来  源:   DOI:10.1093/jamia/ocae079

Abstract:
OBJECTIVE: Large Language Models (LLMs) such as ChatGPT and Med-PaLM have excelled in various medical question-answering tasks. However, these English-centric models encounter challenges in non-English clinical settings, primarily due to limited clinical knowledge in respective languages, a consequence of imbalanced training corpora. We systematically evaluate LLMs in the Chinese medical context and develop a novel in-context learning framework to enhance their performance.
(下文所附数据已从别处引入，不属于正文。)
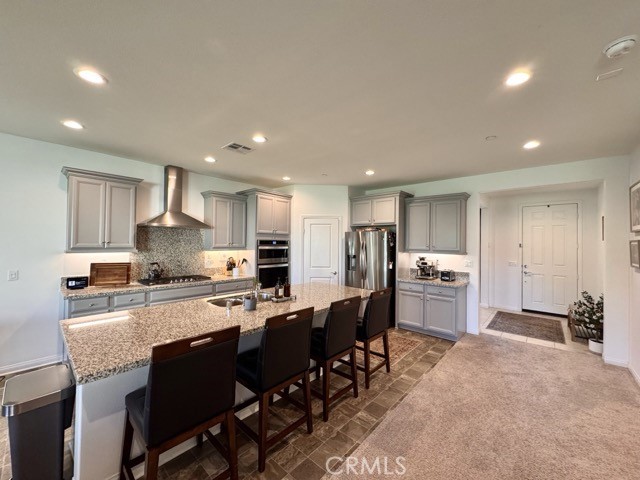 34110 Big Sur Drive Murrieta, CA 92563 - Photo 16 of 58 a large kitchen with lots of counter space a sink and chairs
METHODS: The latest China National Medical Licensing Examination (CNMLE-2022) served as the benchmark. We collected 53 medical books and 381 149 medical questions to construct the medical knowledge base and question bank. The proposed Knowledge and Few-shot Enhancement In-context Learning (KFE) framework leverages the in-context learning ability of LLMs to integrate diverse external clinical knowledge sources. We evaluated KFE with ChatGPT (GPT-3.5), GPT-4, Baichuan2-7B, Baichuan2-13B, and QWEN-72B in CNMLE-2022 and further investigated the effectiveness of different pathways for incorporating LLMs with medical knowledge from 7 distinct perspectives.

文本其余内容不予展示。